# Orijen Red Meat formula dry kibble



## Guest (May 29, 2009)

I just saw an ad in 'Modern Dog' magazine that Orijen has come out with a new red meat formula dry kibble.

'Regional Red' features free range bison and wild boar with a bit of wild-caught fish thrown in.

Check out Orijen's web site at Champion Petfoods | Home for details.


----------



## Unosmom (May 3, 2009)

Thats good news for dogs with chicken intolerancy, I hope it wont be as expensive as fish, I had to switch to Acana provincial because of the price increase. Its good food though.


----------



## wags (Jan 31, 2009)

WooHoo!!!!!!!!!!! Looks like someoone's going to the store soon to pick some up! Hopefuly they will have it or I will have them order some! Thanks for the information!:smile:


----------



## MandyPug (Sep 21, 2008)

The food comes out in June and i'm so excited! I heard about it at the big pet supplier convention a month and a half ago... We all can't wait at our store for it to come in!


----------



## Scarlett's Mum (May 28, 2009)

Very exciting! I am feeding the 6 Fresh Fish and since I can't feed chicken, I was hoping Orijen would come out with a red meat formula. Hooray!

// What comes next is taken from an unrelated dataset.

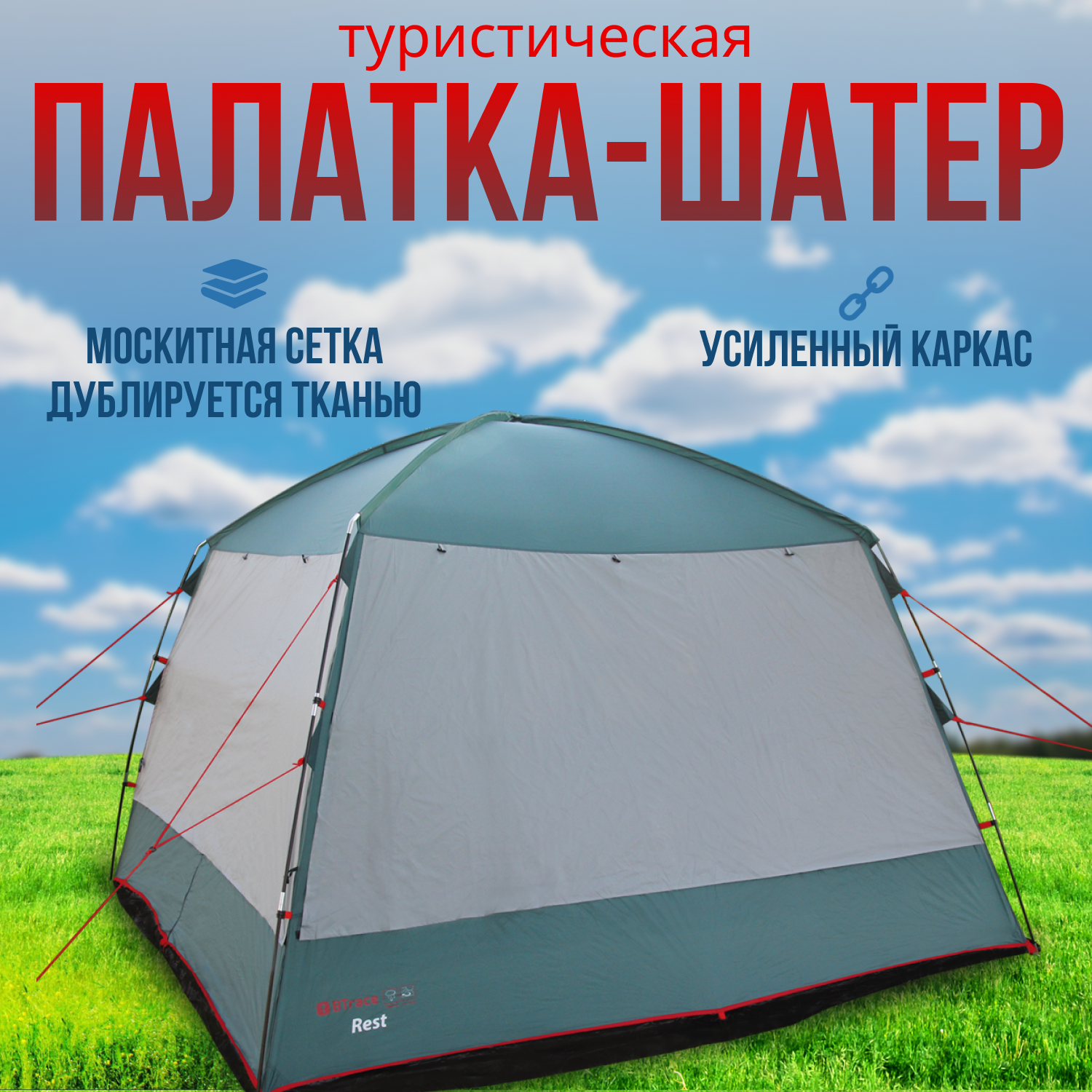 фото Палатка-шатер Rest BTrace (Зеленый/Серый)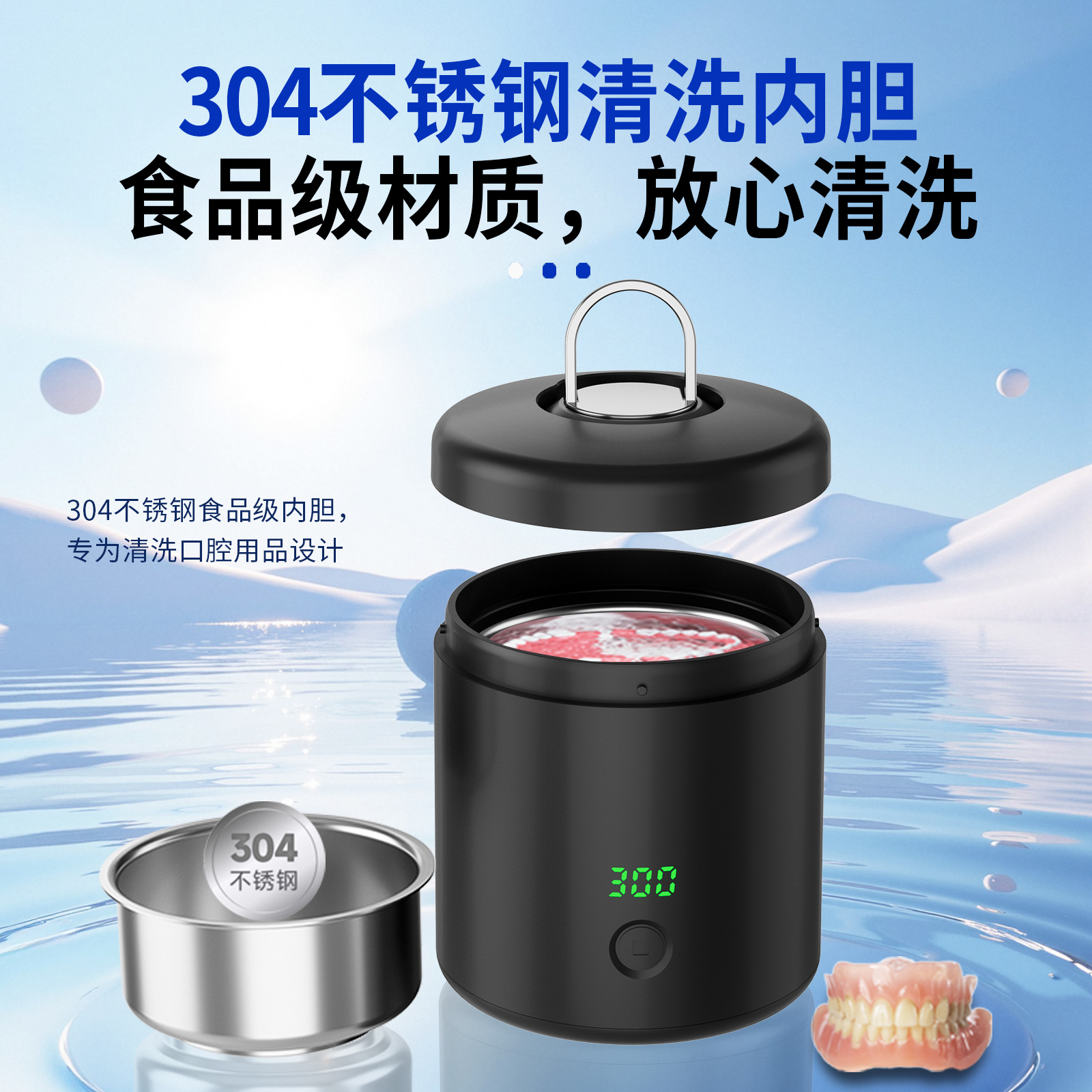 Cross-Border Wireless Braces Ultrasonic Cleaning Machine Household Jewelry Cleaner Portable Rechargeable Denture Cleaning Machine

I'm also curious about the price point. $75/bag for the 6 Fresh Fish hurts, but it is worth every penny.


----------



## chowder (Sep 7, 2008)

If you shop around the internet you can find the price of the Orijen varies tremendously. I get the puppy Orijen delivered to my house for $33 for the 15 pounds or about $59 for the 30 pounds and that includes the charge for delivery. The fish version does cost more but the regular adult is a little cheaper then the puppy. It will be interesting to see what the Red Meat will cost.


----------